③ 「特定技能1号」の場合は日本に家族を呼ぶことはできないが、「特定技能2号」になれば呼ぶことが可能。
④ 在留中に日本で資格を取得するなど,状況が変われば他の在留資格へ変更することも可能。
⑤ 原則として勤務先企業が直接雇用する。
⑥ 元々、技能実習生として日本にいた方も取得可能。
⑦ 1号も2号も、一定の知識や技能が要求される。2号は、「熟練した」知識と経験が必要なので取得のハードルは高い。
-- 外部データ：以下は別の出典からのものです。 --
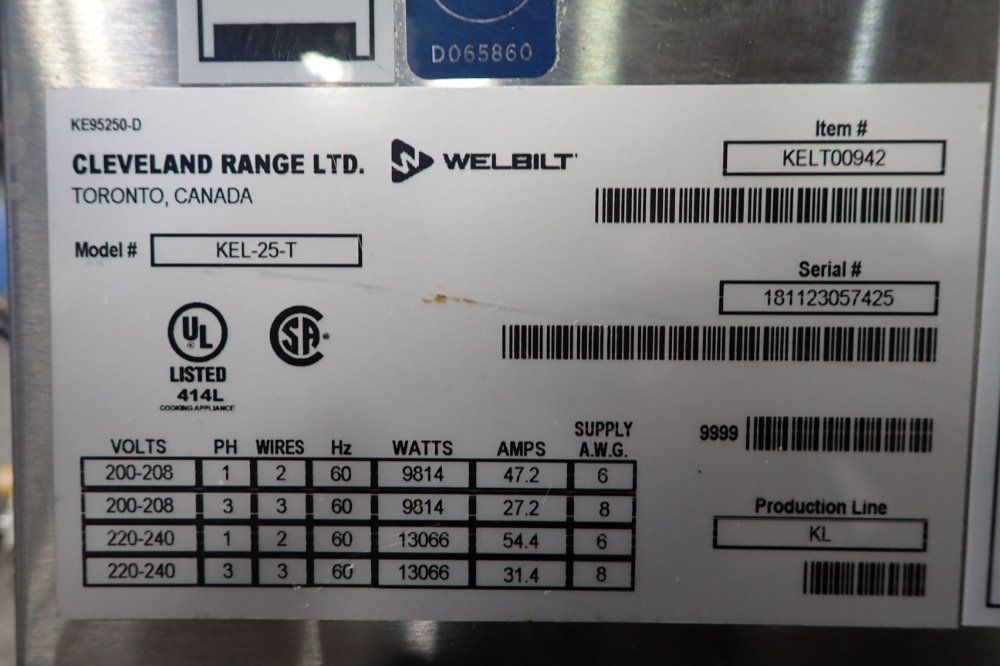 Cleveland Range 25 Gal Electric Steam Kettle - Kel-25-t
また、どちらも一定程度の日本語能力が必要。
⑧ 「技能実習生制度」とは全く違う制度
⑨ 分野によって、監督官庁が課す試験がある。
⑷ 今回の改正によって、いわゆる「単純労働」にあたる仕事について、広く外国人を雇用できるようになりました。ただ、特定技能ビザでの受け入れは、登録支援機関を通じて受け入れ手続をすることになろうかと思いますが、まだ法律が施行したばかりで法務省からの情報が乏しく、具体的な手続きが見えない状況です。
ただ、いずれにしても入管法への十分な理解のないまま外国人を雇用してしまうと、場合によって不法就労助長罪などの法令違反を犯してしまい、企業のコンプライアンス違反を問われることにもなりかねません。外国人を雇用する予定のある企業の方は、入管法に十分な注意を払っておくことが必要かと思います。